Made c.1800, at a time when tea was still a highly prized commodity and the market was yet to be flooded by cheaper Indian imports, the 10in x 7 1/2in (25cm) mahogany and walnut lead-lined caddy was a skilfully executed quality receptacle.

“Any architectural form tea caddy is rare and this one had false windows on every facet, inlaid circular windows in the roof, and a dome supported by turned ivory columns,” said Mr Taubenheim.

The quality and rare form of the privately-entered caddy caught the eye of six specialist collectors who battled for it over the phone. However, all were outbid by a London dealer in the room who took the caddy at £10,800.
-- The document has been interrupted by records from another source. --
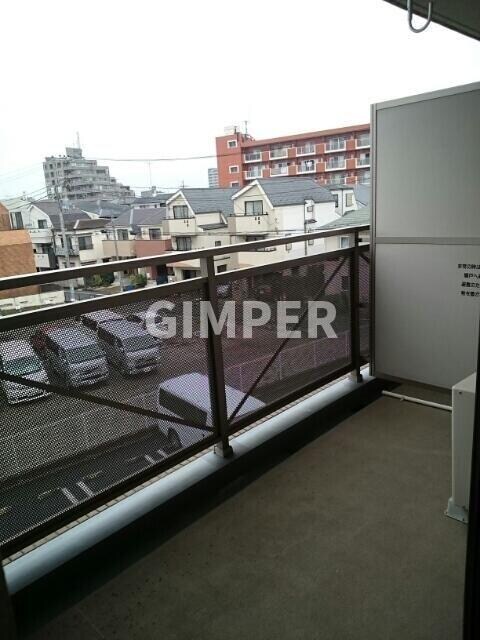 モデラートの物件内観写真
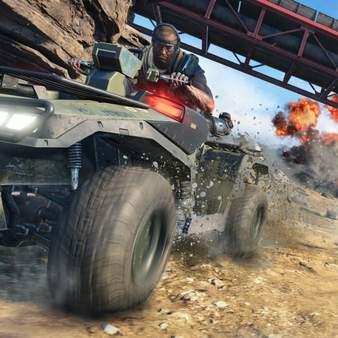 《堡垒之夜》观看时长破6亿,超越吃鸡游戏,点击揭秘! 《堡垒之夜》观看时长破6亿,超越吃鸡游戏,点击揭秘!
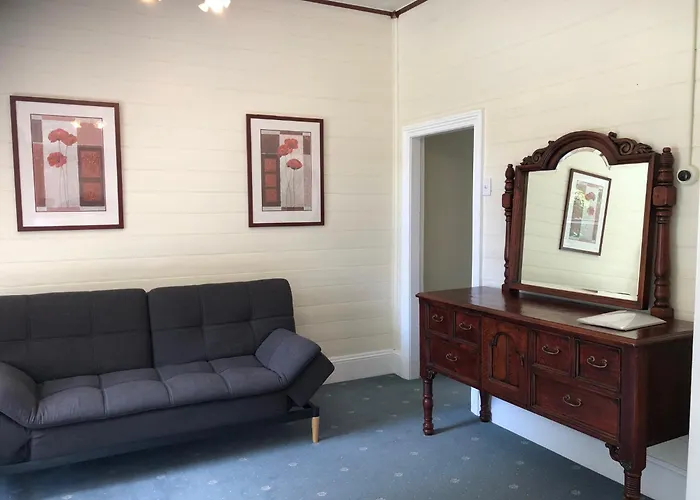 The Boutique Hotel Blue Mountains Blackheath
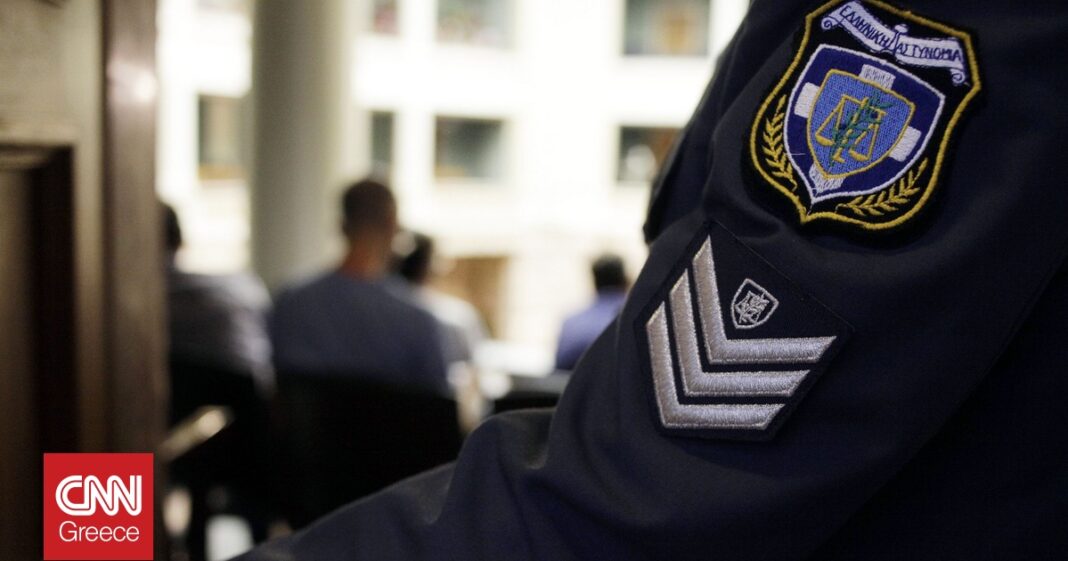 «Σκάνδαλο-στη-Θεσσαλονίκη:-Αστυνομικός-πίσω-από-τα-κάγκελα-για-διακίνηση-ναρκωτικών!»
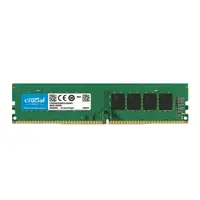 在飛比找蝦皮購物優惠-Crucial 8g DDR4 2666 二手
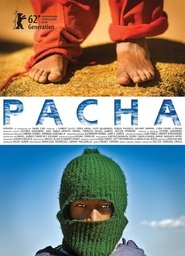 Poster Pacha 2012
As with the caddy, it was probably also the quirkiness of an Edwardian album comprising 50 inscribed black and white snapshots of the construction of Portsmouth Sewerage Works 1904-5 that ensured this work left its £40-50 estimate standing.

Sewage is hardly the sexiest subject matter, but the photographs attracted the interest of Portsmouth Museum as well as two specialist dealers. The album sold to one of the dealers at £400.

The most expensive piece of furniture, an 18th century walnut writing bureau with an original and nicely shaped stepped interior, was from the same consignment as the caddy.

Although bureaux no longer have the commercial appeal they once did, this quality example had the features buyers still want.

“If it’s early 18th century and walnut you have still got a good chance of selling it,” said Mr Taubenheim.

It fetched £5800 from a Belgium collector bidding on the telephone.

A tiny 18th century oak bureau, just 2ft 1in (63cm) wide was taken to £1680 and the narrow proportions of a 5ft (1.52m) wide 18th century oak cottage dresser ensured it fetched £2900.